On a pleasant June day years ago, while chasing trains on the Northwestern Pacific, I came across a small monument in its Eureka (Calif.) yard. Here was a tribute to three men — engineer, fireman, and brakeman — who lost their lives decades before in a railroad accident. Atop the two-tiered concrete obelisk sat a steam locomotive bell, signifying to even the most naive of bystanders the profession of the fallen. I looked at it for a moment and then went about my business snapping the portraits of the various Southern Pacific SD9s that were then the trademark of the NWP.
(Later, I researched the incident the monument commemorated. The men were D. G. Liscom, engineer; T. R. Porter, fireman; and H. J. Aure, brakeman. They died on January 17, 1953, when a landslide swept their locomotive, NWP Ten-Wheeler 112, into the Eel River at Scotia Bluff. Their bodies were recovered, and the monument was dedicated later in 1953. Engine 112 was salvaged, but never ran again; it’s now displayed at the California State Railroad Museum. The monument has been relocated to the Fortuna NWP depot museum.)

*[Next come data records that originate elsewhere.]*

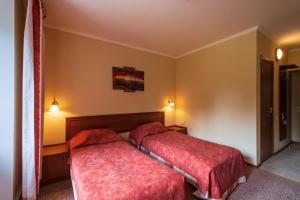 two beds in a hotel room with red covers at Baza Otdykha Losevo Park in Losevo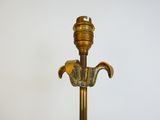 an antique brass table lamp with a glass shade on top of it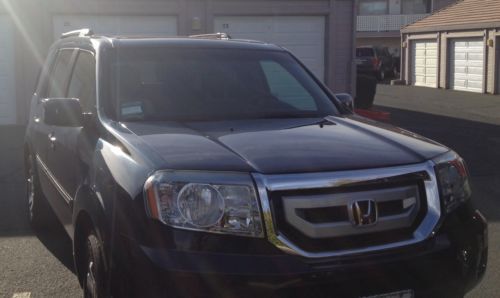 2009 honda pilot touring 4wd 5d 20k or best offer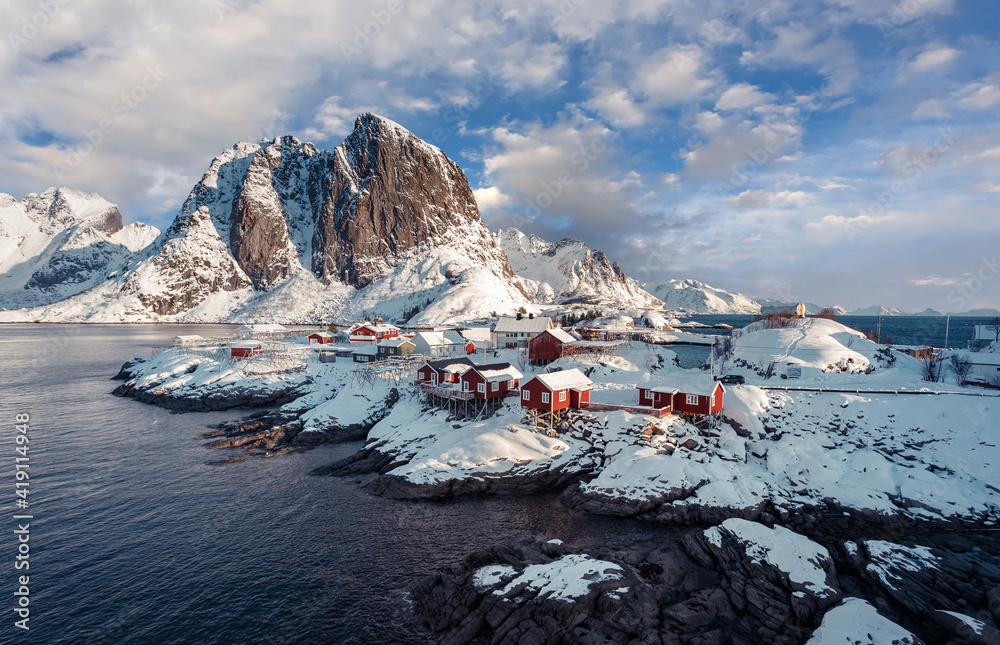 Hamnoy fishing village on Lofoten Islands, Norway with red rorbu houses in winter. Concept of Travel and holiday on nature, tourist and fishing leisure. Iconic location for landscape photographers.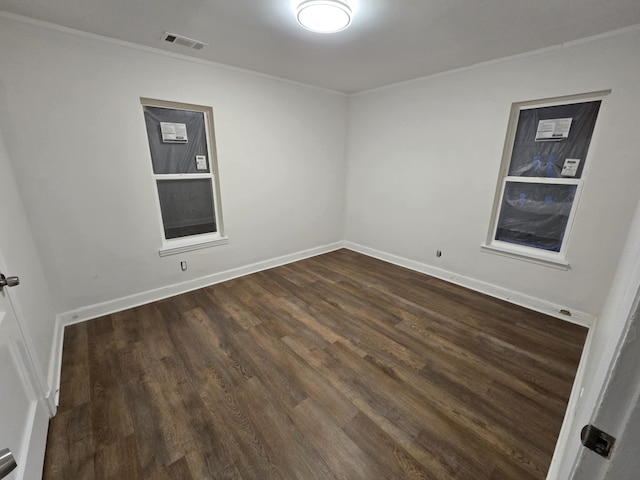 empty room featuring visible vents, crown molding, baseboards, and dark wood-style flooring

On my way out of the yard, pleased with my well-lit catch of first-generation diesels that never seemed to migrate down to my home area in Los Angeles, I turned to take a last look at the monument. There was something different from when I first spied it: the flowers.
Sometime in the 20-minute span I was blissfully recording the nuts and bolts of railroading, someone, perhaps a friend or relative of the fallen, had laid a bouquet of mums at the base of the monument. These men were not forgotten.
And I have not forgotten them, either. Whenever I get too caught up in welded rail, turbochargers, and onboard computers, I think about those mums. It’s one of the very few railroad photos that I’ve never had to rummage through my notes to remember when and where I took it.